Língua de Trapo - Capítulo 11 - E La Nave Va! - Por Luiz Domingues



E nos primeiros dias de novembro de 1983, as atividades com o Língua de trapo, intensificaram-se. Foram os ajustes do figurino, a finalização das vinhetas de áudio e Super-8, cenário e objetos cênicos a se definir, marcações e os últimos ensaios musicais. Cabe abrir um parêntese para falar sobre o audiovisual sob formato Super-8.
Nessa transição dos shows da turnê, "Obscenas Brasileiras" para o "Sem Indiretas" que preparávamos, foram filmadas várias cenas hilárias em Super-8 com a direção e edição do cineasta norte-americano, Louis Chilson.

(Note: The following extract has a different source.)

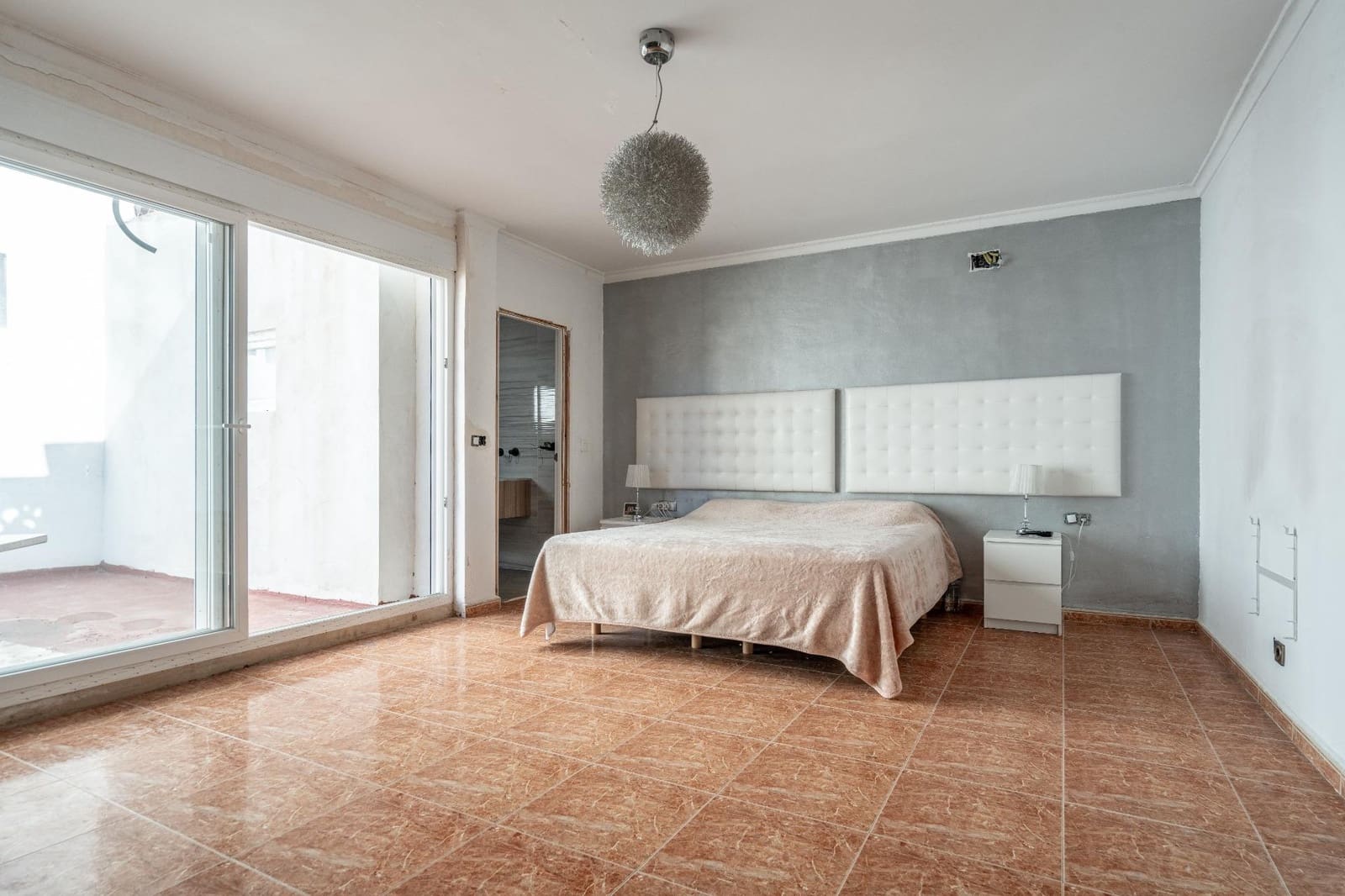 6 soveværelse Villa til salg i Valencia by med swimmingpool garage - € 650.000 (Ref: 8302915)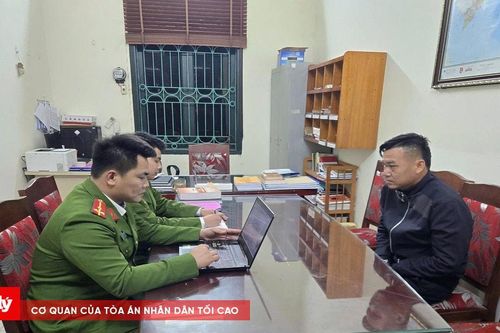 Tạm giữ đối tượng dùng vũ khí quân dụng đe dọa vợ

Quando entrei na banda novamente, na verdade as intervenções de cinema já estavam prontas e editadas pelo Louis Chilson e o que pôde ser feito para evitar as imagens com o baixista anterior, foi estabelecer uma nova edição, ao cortar as suas cenas, mas não haveria espaço de tempo, nem mesmo verba para inserir novas cenas comigo a atuar. 
O grande, Louis Chilson: cineasta, ilustrador, pessoa boníssima e uma figura importantíssima nos bastidores do Língua de Trapo durante a minha segunda fase na banda, entre 1983 e 1984 

Uma pena, pois se não tenho nenhuma familiaridade na arte da atuação como ator, sou apaixonado por cinema e certamente iria adorar participar de todo o processo. As vinhetas foram múltiplas. Havia uma inicial que abria o show e diversas outras, onde amigos fizeram figurações ou atuaram de fato como atores em cenas marcadas pelo mais puro nonsense. 
E logo eu fiquei amigo do Louis Chilson. Norte-americano de nascimento, mas filho de mãe brasileira, falava/fala português perfeito, com ausência de sotaque. Ficamos amigos instantaneamente, pois quando o conheci, ele notou que na fivela do meu cinto, havia a bandeira do Texas, o seu estado de origem na América, pois nascera em Dallas. E também pelo teor das nossas conversas, naturalmente, pois notou que eu era (sou), apaixonado por cinema e dali em diante, conversamos muito sobre o tema. 
O Louis estudou cinema na UCLA, e nada melhor para um estudante de cinema que estudar na Universidade da Califórnia, em Los Angeles, a meca de Hollywood. Ele contou-me que fazia parte das atividades curriculares, visitas aos grandes estúdios, sets de filmagem, e palestras com profissionais de todos os setores dessa indústria. 
Uma vez, contou-me que assistira uma palestra na universidade, com o Frank Capra, um diretor dos anos trinta, que eu adoro. Mas ele o detestava, por ter um posicionamento de esquerda, e o Capra ser considerado direitista pelos seus antipatizantes. 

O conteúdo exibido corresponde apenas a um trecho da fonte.